Ma cosa spinge oltre 10 milioni di italiani a fare maggiore uso di cliniche e laboratori privati rispetto al passato? Sono sempre le liste di attesa il tasto dolente del sistema pubblico: il 72,6% degli intervistati si è infatti rivolto al privato o all'intramoenia per evitare di aspettare mesi, o magari anni, per ottenere una prestazione. Ma quasi un terzo indica anche gli orari di apertura come un elemento importante: per chi lavora poter fare una visita o un esame al pomeriggio o di sabato rappresenta una comodità, anche perché, nel frattempo, sono aumentati del 5,6% i pazienti che dicono che, rivolgendosi al pubblico, avrebbero speso per il ticket più o meno quanto spendono nel privato.

Sale anche il numero di chi, non potendoselo permettere, rinuncia o rimanda le cure
Sono ormai 11 milioni di cittadini, 2 in più di quattro anni fa. Un dato che fa il paio con la percezione della qualità del sistema pubblico, diminuita per il 45,1% dei nostri connazionali, con i dati peggiori al Sud (52,8%) e migliori al Nord-est (35,4). Solo 13 italiani su 100, invece, pensano ci sia stato un miglioramento.

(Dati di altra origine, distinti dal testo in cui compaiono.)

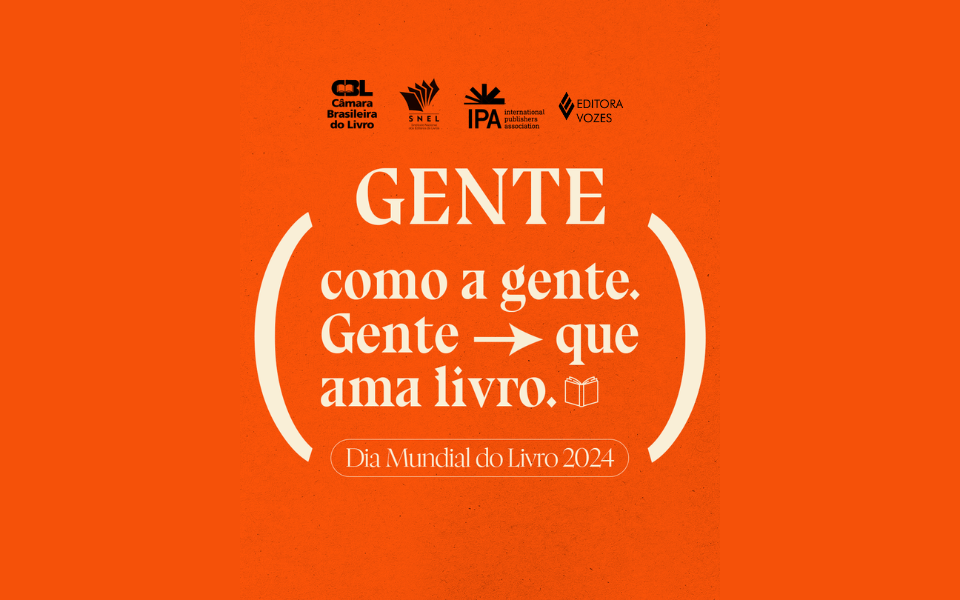 Dia Mundial do Livro - 2024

Nonostante più della metà degli italiani giudichino l'assistenza sanitaria pubblica inadeguata nella propria regione, e 5,4 milioni di persone abbiano ricevuto prestazioni o farmaci inutili, c'è però una forte contrarietà a qualsiasi progetto di legge che determini cosa un medico può prescrivere e cosa no. In particolare, poco più della metà dei pazienti si dice contrario a sanzionare i medici che consiglino interventi o esami inappropriati, e il 64% si oppone fermamente a qualsiasi legge che stabilisca cosa può essere prescritto e cosa no. La metà di questi, in particolare, crede che un medico debba scegliere in completa autonomia, ma sono anche molti coloro i quali vedono, in questi progetti, solo un tentativo di tagliare e fare cassa.
Di fronte alla crescita della spesa privata, però, la quota intermediata dalle assicurazioni rimane esigua. La crescita del settore è evidente: +6,5% in due anni, con gli assistiti quasi raddoppiati dal 2010 ad oggi (+88%). Ma questa tendenza non basta a tenere il passo, cosicché, nell'ultimo biennio, la quota di spesa per la sanità passata per i sistemi assicurativi è passata dal 14 al 13% del totale. C'è un crescente interesse dei cittadini per la sanità integrativa, tanto che ben 26 milioni di persone si dicono potenzialmente interessate, ma, in assenza di una regolamentazione chiara, il panorama rimane confuso e frammentato. Circa un quarto degli italiani si è visto proporre, almeno una volta, una forma di assicurazione, ma due terzi ha rifiutato per l'alto costo o perché non è convinto dell'utilità e dell'affidabilità delle assicurazione.
Eppure, sostiene la ricerca, una polizza sanitaria integrativa costa, in media, circa il 70% di quanto ogni italiano spende in un anno per visite ed esami, anche perché i grandi fondi sono in grado di spuntare prezzi molto più convenienti di quelli praticati al singolo paziente. Una adesione massiccia a questi sistemi, dicono le imprese assicuratrici, permetterebbe di liberare circa 15 miliardi di risorse aggiuntive nella sanità. Per questo chiedono un intervento del legislatore che definisca regole chiare e premi, con defiscalizzazioni e agevolazioni, la capacità di intermediazione della spesa.